» **TASK DIRECTIONS**
A line below contains "Người dân đội", and a later one contains "BMW 5-Series · 2017 год". Repeat both, with every line between them, exactly.
──────── INPUT DATA ────────
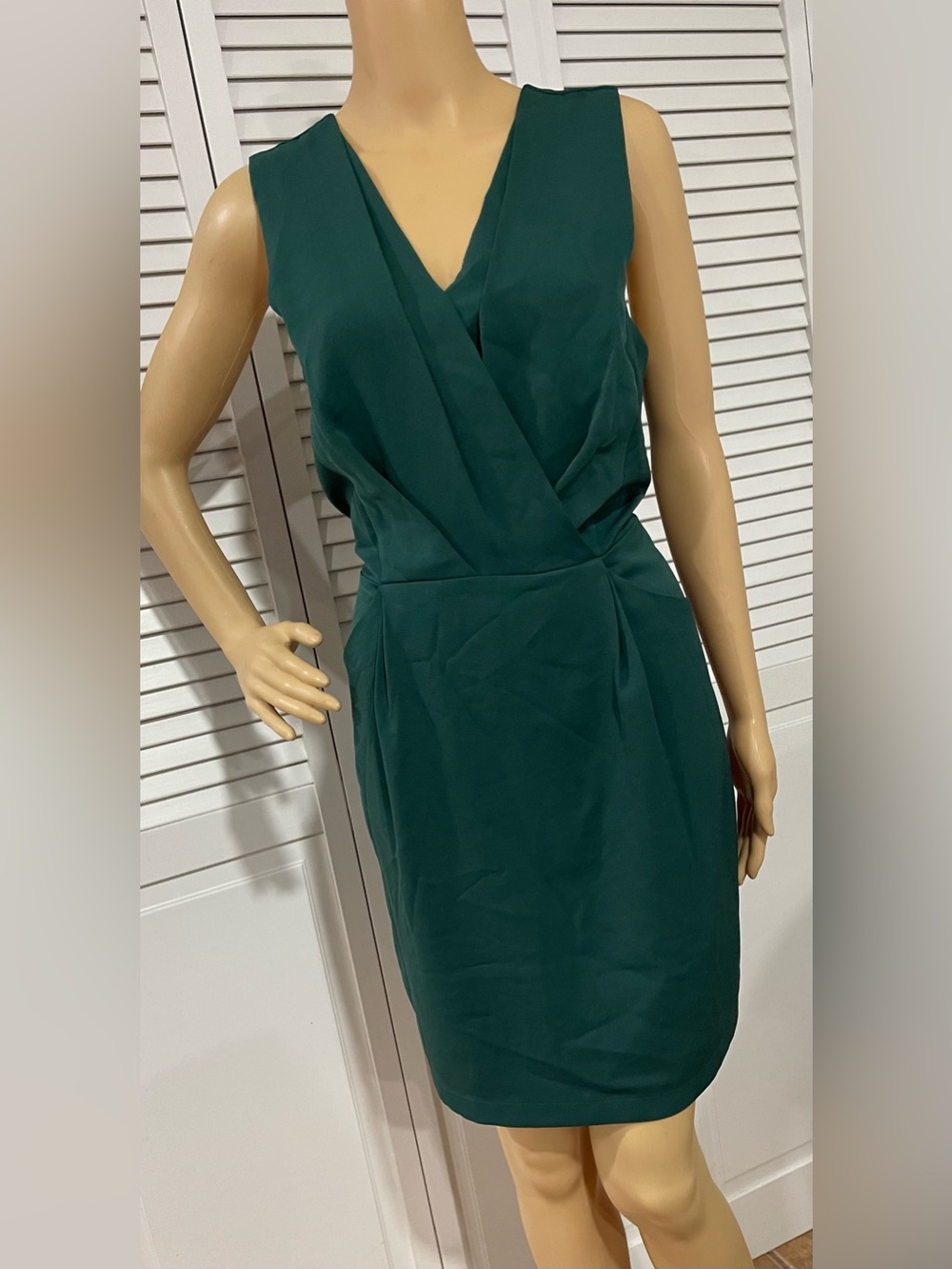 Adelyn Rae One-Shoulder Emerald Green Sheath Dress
────────
──────── INPUT DATA ────────
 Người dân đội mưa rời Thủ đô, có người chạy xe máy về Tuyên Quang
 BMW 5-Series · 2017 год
────────
» **RESPONSE TO THIS EXERCISE**
 Người dân đội mưa rời Thủ đô, có người chạy xe máy về Tuyên Quang
 BMW 5-Series · 2017 год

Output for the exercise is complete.